Proteins make waves and surf them in the cell membrane

Pictorial representation of wave generation in our cell membrane model.

A new stochastic equation for active, growing interfaces predicts the evolving shape of a cellular membrane.

From a physicist's point of view, perhaps the most intriguing feature of biological systems is that they are constantly held away from thermodynamic equilibrium by active processes: the inert atoms and molecules of classical statistical mechanics are replaced by active entities which consume energy and may move of their own volition. Likewise active matter - which is composed of many such active entities - can itself grow and change shape.

The range of lengthscales spanned by theories of active matter is stunningly large. Consider a cell: on the one hand it is the active component of bigger systems such as tissues, on the other hand it is itself an active system, whose constituents are those proteins regulating the whole cellular machinery.

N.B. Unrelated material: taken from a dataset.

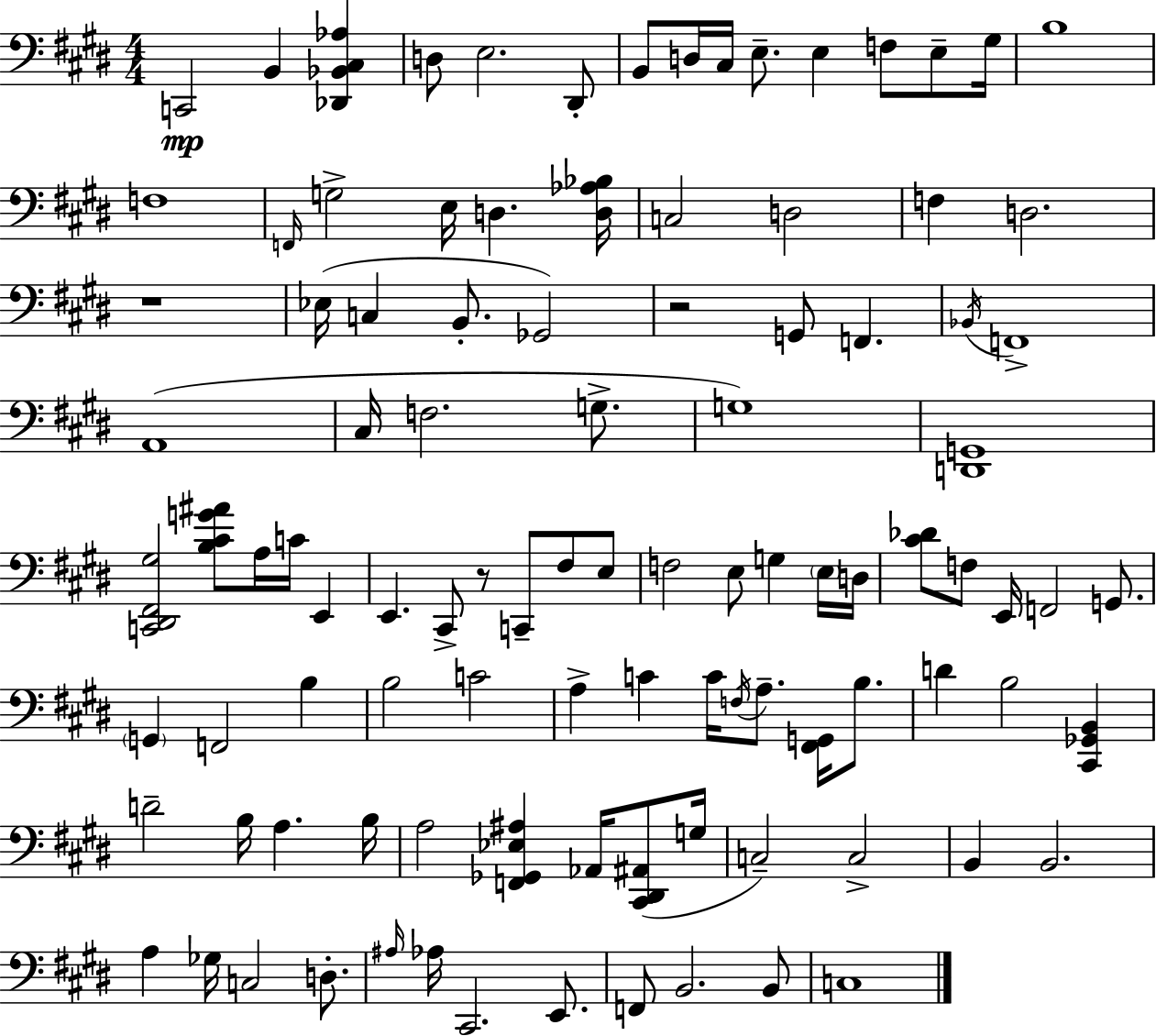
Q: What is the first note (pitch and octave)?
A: C2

Francesco Cagnetta (Higgs STFC PhD student), Martin Evans (Professor of Statistical Physics) and Davide Marenduzzo (Professor of Computational Biophysics) analyse the effects of activity on growing interfaces and how this produces the striking patterns that have been puzzling experimentalists studying red blood cell membranes.  Specifically, the authors extend the celebrated Kardar-Parisi-Zhang (KPZ) equation, known to predict the universal features of many out-of-equilibrium systems, to deal with the local source of growth provided by membrane proteins.  Their theory proposes an explanation for the self-organisation of proteins: dynamic nanoclusters of proteins are formed which induce travelling waves of growth in the membrane. Intriguingly, these travelling undulations of the membrane are in turn surfed by the protein nanoclusters that produced them!

The work was made an Editors' Selection in Physical Review Letters and has been highlighted by a Viewpoint in APS Physics.